Week of Dec 9, 2022 Weekly Recap & The Week Ahead

“I made my money by selling too soon & never lost money by turning a profit” Bernard Baruch

1. Fed to Weigh Higher Interest Rates Next Year While Slowing Rises This Month — Federal Reserve officials have signaled plans to raise their benchmark interest rate by 0.5 percentage point at their meeting next week, but elevated wage pressures could lead them to continue lifting it to higher levels than investors currently expect.

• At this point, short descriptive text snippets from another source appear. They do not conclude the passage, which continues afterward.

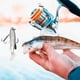 thumbnail image 2 of Kit De Pesca Con Señuelos De Plástico Blando Realistas Para Agua Dulce Y Salada. Cola Para La Pesca De Truchas. Para Hombres., 2 of 4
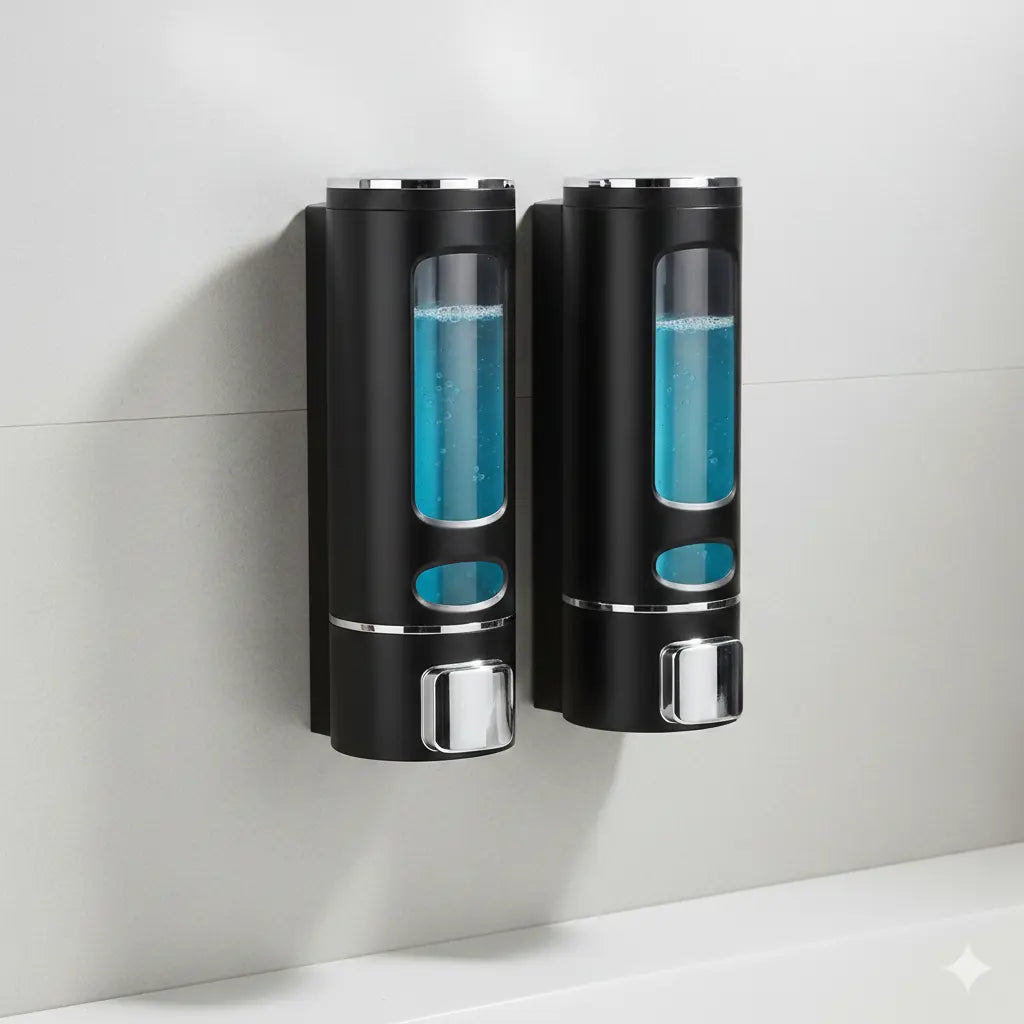 Heavy Body Premium Soap Dispenser for Kitchen and Bathroom 400Ml Pack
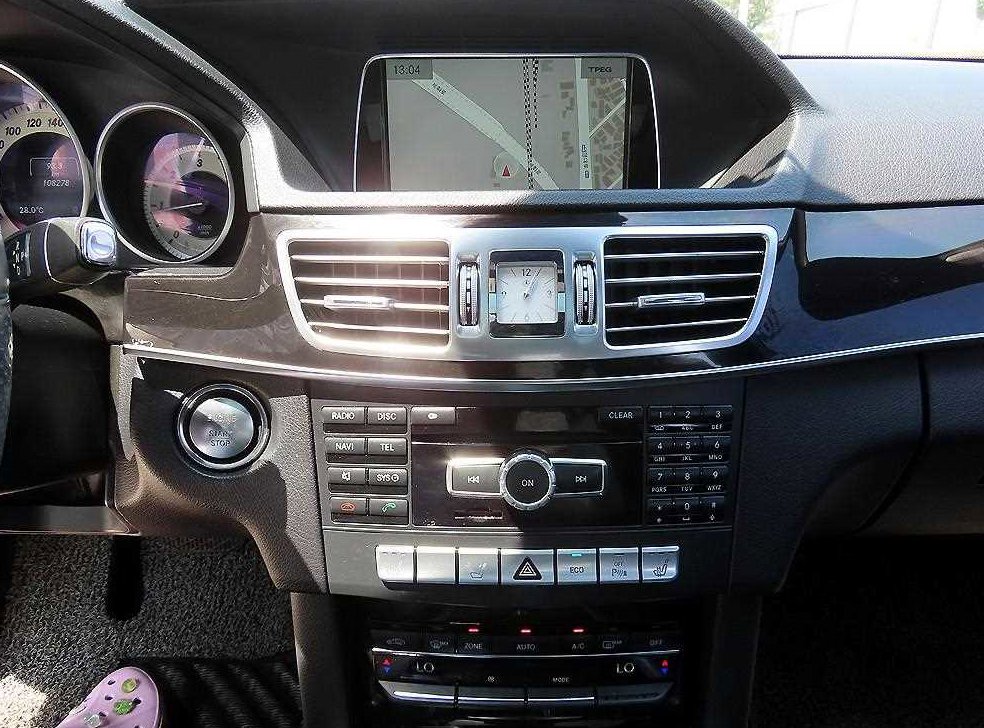 벤츠 E 클래스 E250 CDI 4MATIC 사진 14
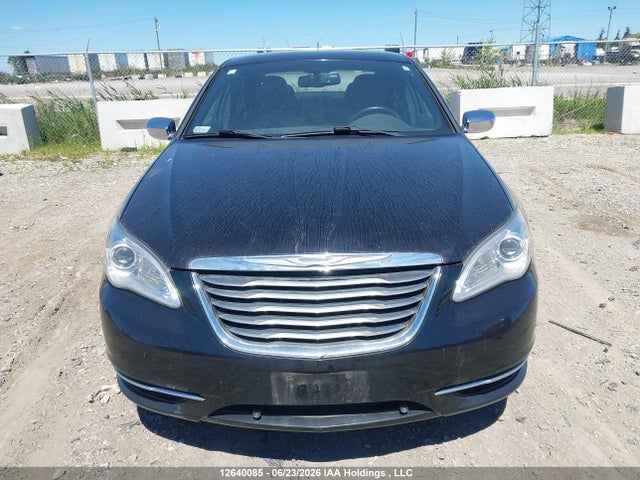 12640085 :رقم المزاد ، 1C3CCBCG9CN244458 vin ، 2012 Chrysler 200 مزاد بيع
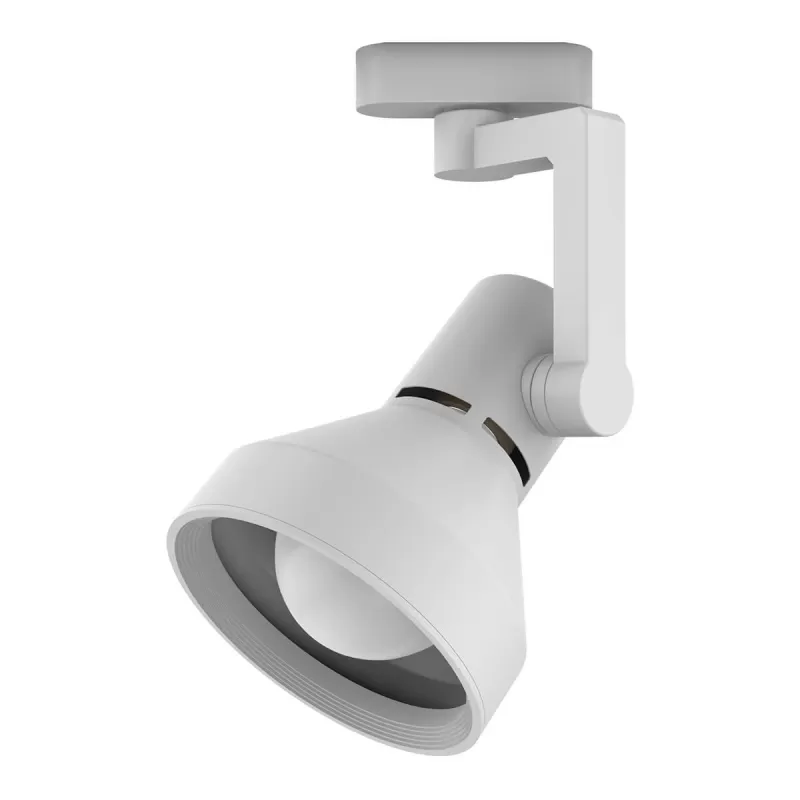 Трековый светильник Track Lights LED TR014 конус белый Gauss Трековый светильник Track Lights LED TR014 конус белый Gauss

They have raised rates this year at the fastest pace since the early 1980s, including by 0.75 point at each of their past four meetings to combat inflation. Fed Chair Jerome Powell indicated last week that the central bank was prepared to downshift the size of rate increases at its coming meeting on Dec. 13-14. A smaller 0.5-point increase would mark a new phase of policy tightening as they calibrate how much higher to lift rates. Policy makers expect price pressures to ease meaningfully next year, but brisk wage growth or higher inflation in labor-intensive service sectors of the economy could lead more of them to support raising their benchmark rate next year above the 5% currently anticipated by investors.
2. Continuing US Jobless Claims Rise to Highest Since February — recurring applications for US unemployment benefits rose to the highest since early February, suggesting that Americans who are losing their job are having more trouble finding a new one as the labor market shows tentative signs of cooling.
Continuing claims, which include people who have already received unemployment benefits for a week or more, climbed by 62,000 to 1.7 million in the week ended Nov. 26, Labor Department data showed this week.
3. US Producer Prices Top Estimates, Supporting Fed Hikes Into 2023— the producer price index, a measure of what companies get for their products in the pipeline, increased 0.3% for the month and 7.4% from a year ago, which was the slowest 12-month pace since May 2021. Economists surveyed by Dow Jones had been looking for a 0.2% gain.
Excluding food and energy, core PPI was up 0.4%, also against a 0.2% estimate. Core PPI was up 6.2% from a year ago, compared with 6.6% in October. The hot inflation data keeps the Fed on track for another rate increase, likely a 0.5% hike that would push benchmark borrowing rates to a target range of 4.25%-4.5%. Policymakers have been pushing rates higher in an effort to quell stubborn inflation that has emerged over the past 18 months after being mostly dormant for more than a decade.